The second reason for tracking offers is to add support for DHCPRELEASE messages. These are sent by clients voluntarily to allow an IP address to be re-assigned. When you receive a DHCPRELEASE, you do not send a reply to the client.

It is important to note one key feature that goes along with DHCPRELEASE actions: servers try to assign the same IP address to subsequent DHCPDISCOVER messages from the same chaddr. That is, if a client previously used 192.168.1.3, sent a DHCPRELEASE to release its DHCP lease, then sends a subsequent DHCPDISCOVER, the server should again offer 192.168.1.3 unless it has been assigned to a different client.

There are many ways you could implement this tracking and removal of records. A simple way would be to create an array of four records, each of which contains the chaddr and a "tombstone" record, which are commonly used in data structures like hash tables.

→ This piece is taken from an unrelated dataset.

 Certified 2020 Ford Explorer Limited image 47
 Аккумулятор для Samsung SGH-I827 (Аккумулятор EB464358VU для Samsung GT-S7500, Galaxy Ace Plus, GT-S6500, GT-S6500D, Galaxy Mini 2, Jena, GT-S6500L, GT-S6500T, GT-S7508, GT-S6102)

When you use a tombstone, you just mark the record as no longer in use but leave the data otherwise intact.

Phase 4: Once more with threads (A requirements)

In this final phase, you'll emulate part of the behavior of a multithreaded DHCP server. Instead of processing DHCPDISCOVER requests right away, your main thread (the one calling recvfrom()) will launch a new thread, then go back to waiting on another incoming message. Your main thread will get a total of 8 requests, then join all 8 threads before shutting down.

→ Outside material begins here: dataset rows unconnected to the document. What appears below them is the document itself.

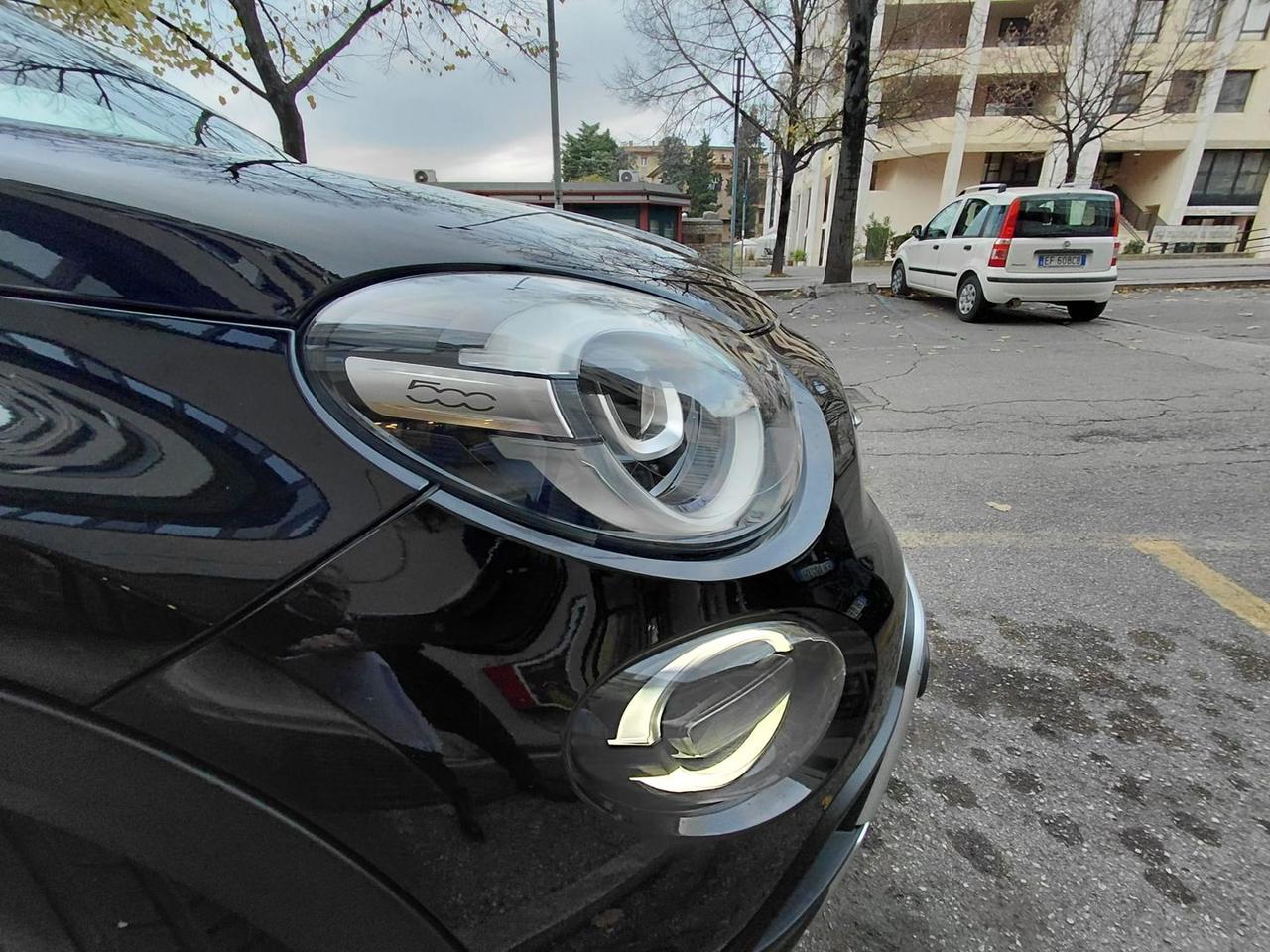 Fiat 500X City Cross 1.6 Multijet #7754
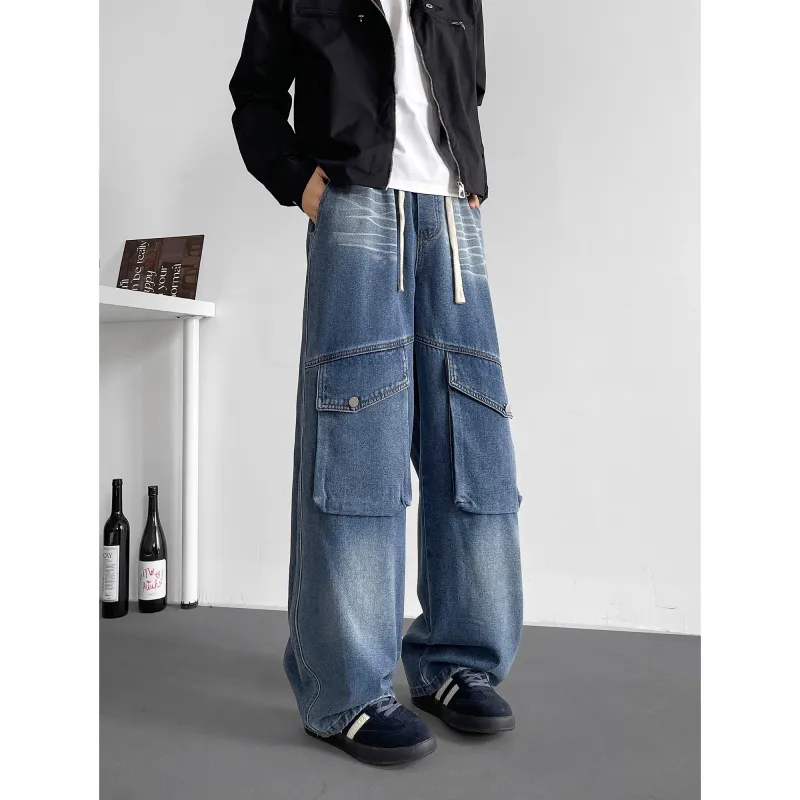 BOTH PLAY Jeans Unisex-3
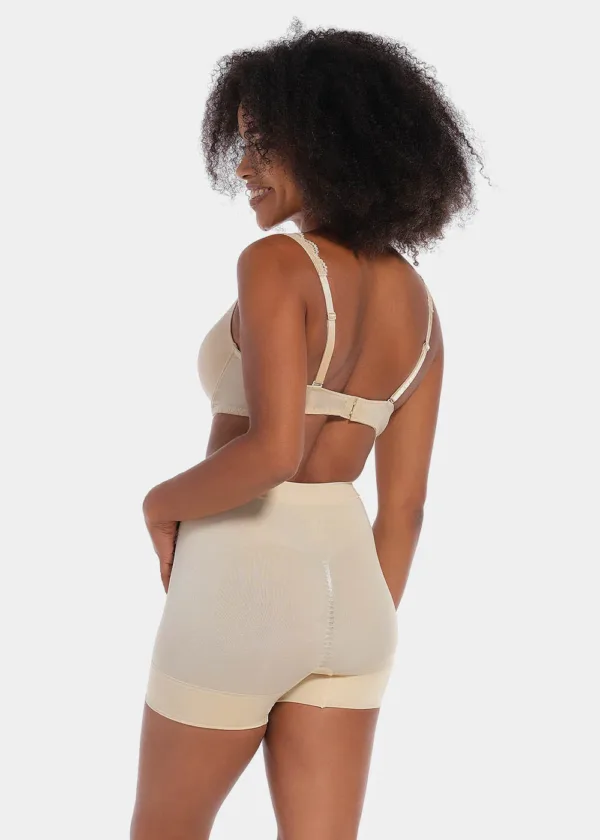 Comfort short latte magic bodyfashion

In the helper threads, you only need to work on constructing a DHCPOFFER message. For simplicity, you can either use the same IP address for all (192.168.1.1) or return them in incrementing order (192.168.1.1, 192.168.1.2, 192.168.1.3, etc.). For additional simplicity, you do not need to implement the full protocol here. Each thread should exit after sending the DHCPOFFER.

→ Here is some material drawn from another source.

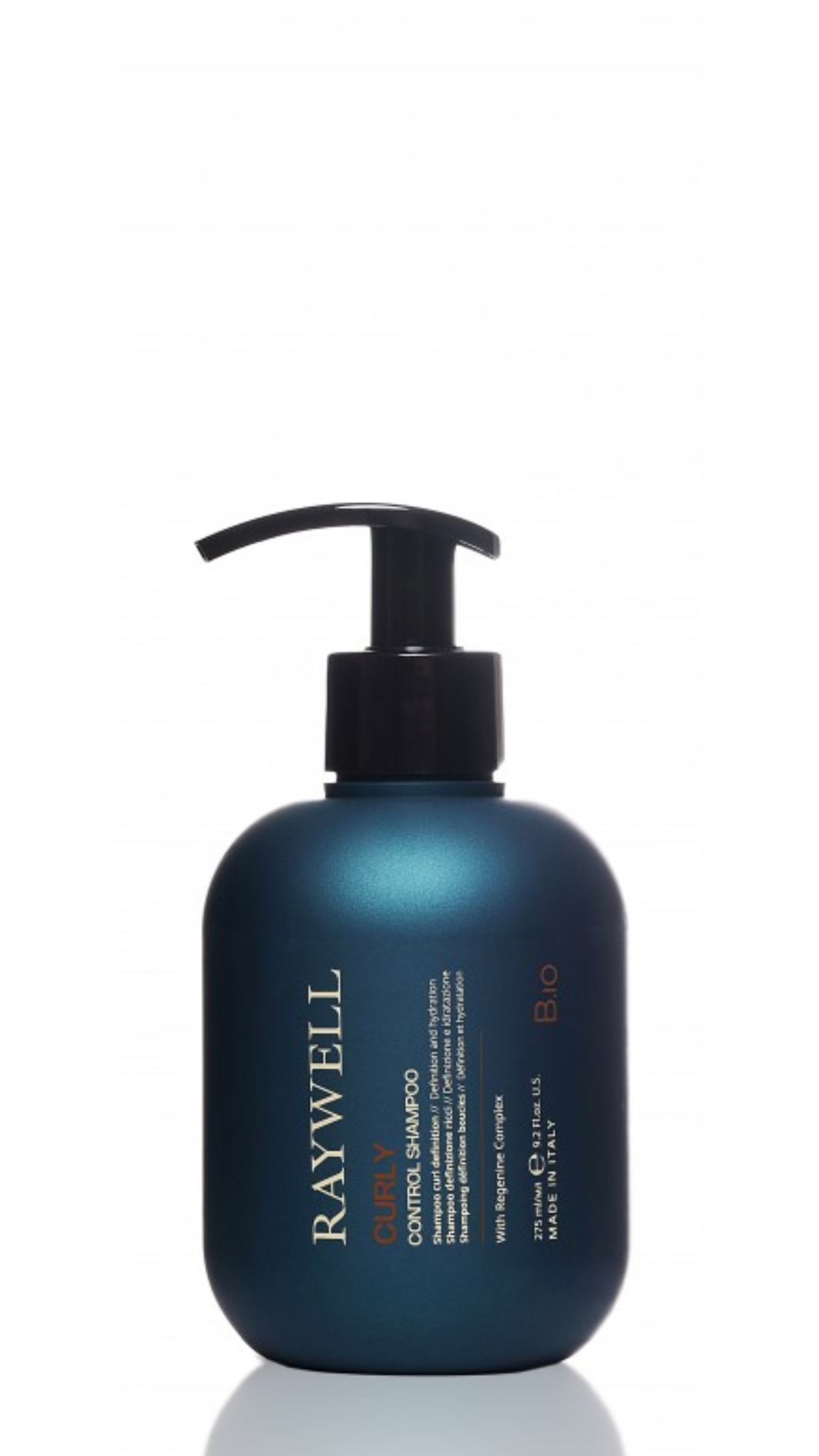 Шампунь Raywell Curly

However, to show that you are handling these requests in a separate thread, you will not return them in the order received. Instead, in the helper thread, you will call usleep() on the XID value to sleep for a certain number of microseconds before responding. The effect of this is that your responses should be received by the client in a sorted ascending order based on the XID values.

Testing notes

Given the values used for the XID values, the output of this test case (there is only one for this phase) should be deterministic. However, it is possible that a request/respone gets flipped because of fluke timing caused by a lot of processes on stu or other random factors. If this happens, you will need to manually inspect the output to convince yourself that your code is working correctly. When grading this phase, we will also run your code manually and inspect the implementation to determine if it is correct.

Additional notes

The files used by the provided client program contain information about how to generate messages in a predictable manner. These files contain lines such as the following:

1 1 42 010102020303:...
3 1 42 010102020303 192.168.1.0 192.168.1.1:[...]

Each line starts by indicating the message type (1=DHCPDISCOVER on the first line 3=DHCPREQUEST on the second), then the hardware type (1=ETH for both), and the hardware address (010102020303 is chaddr). The DHCPREQUEST message must also include a server ID (192.168.1.0) and requested IP address (192.168.1.1). Note that the information after the ":" is just to provide a human-readable interpretation and is not actually used.